Segment Open
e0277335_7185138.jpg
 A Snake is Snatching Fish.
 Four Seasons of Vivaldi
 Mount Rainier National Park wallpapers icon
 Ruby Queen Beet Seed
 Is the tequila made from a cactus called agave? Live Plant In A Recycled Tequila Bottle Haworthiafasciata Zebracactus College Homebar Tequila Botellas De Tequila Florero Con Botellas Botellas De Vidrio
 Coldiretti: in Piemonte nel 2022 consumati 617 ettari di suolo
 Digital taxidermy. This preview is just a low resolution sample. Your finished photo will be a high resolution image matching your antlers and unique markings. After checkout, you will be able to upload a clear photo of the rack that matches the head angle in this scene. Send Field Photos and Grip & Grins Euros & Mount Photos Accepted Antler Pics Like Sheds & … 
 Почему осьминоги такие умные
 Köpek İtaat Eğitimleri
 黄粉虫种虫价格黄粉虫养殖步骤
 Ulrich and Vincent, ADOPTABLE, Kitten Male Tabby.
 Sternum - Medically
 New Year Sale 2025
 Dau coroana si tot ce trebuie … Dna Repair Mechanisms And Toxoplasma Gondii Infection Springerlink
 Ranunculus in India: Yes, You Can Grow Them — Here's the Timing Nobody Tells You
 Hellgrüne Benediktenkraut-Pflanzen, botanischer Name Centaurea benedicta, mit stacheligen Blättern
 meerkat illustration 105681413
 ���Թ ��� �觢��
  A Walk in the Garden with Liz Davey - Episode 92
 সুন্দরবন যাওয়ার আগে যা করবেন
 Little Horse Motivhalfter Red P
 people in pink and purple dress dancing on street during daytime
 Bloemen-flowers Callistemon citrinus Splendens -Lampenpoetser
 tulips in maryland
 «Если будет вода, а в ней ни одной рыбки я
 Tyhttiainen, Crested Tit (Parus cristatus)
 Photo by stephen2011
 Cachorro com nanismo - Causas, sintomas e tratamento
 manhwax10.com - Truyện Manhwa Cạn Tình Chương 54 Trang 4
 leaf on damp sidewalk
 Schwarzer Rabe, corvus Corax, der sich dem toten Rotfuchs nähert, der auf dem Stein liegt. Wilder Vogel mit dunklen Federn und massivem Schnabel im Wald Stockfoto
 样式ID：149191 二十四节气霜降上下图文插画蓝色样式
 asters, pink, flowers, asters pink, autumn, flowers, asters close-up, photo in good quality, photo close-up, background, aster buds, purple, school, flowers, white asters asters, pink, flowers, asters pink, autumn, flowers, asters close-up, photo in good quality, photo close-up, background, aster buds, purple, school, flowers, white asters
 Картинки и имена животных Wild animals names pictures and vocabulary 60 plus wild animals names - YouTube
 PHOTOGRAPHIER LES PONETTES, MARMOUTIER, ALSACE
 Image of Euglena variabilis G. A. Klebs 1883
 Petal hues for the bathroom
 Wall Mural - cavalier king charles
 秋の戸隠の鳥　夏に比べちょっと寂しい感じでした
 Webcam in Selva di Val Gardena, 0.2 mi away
Segment Closed
Nothing should be returned except the lines from the one containing "Petal hues for the bathroom" through the last line of the data, each restated word for word.

### Solution to this exercise
 Petal hues for the bathroom
 Wall Mural - cavalier king charles
 秋の戸隠の鳥　夏に比べちょっと寂しい感じでした
 Webcam in Selva di Val Gardena, 0.2 mi away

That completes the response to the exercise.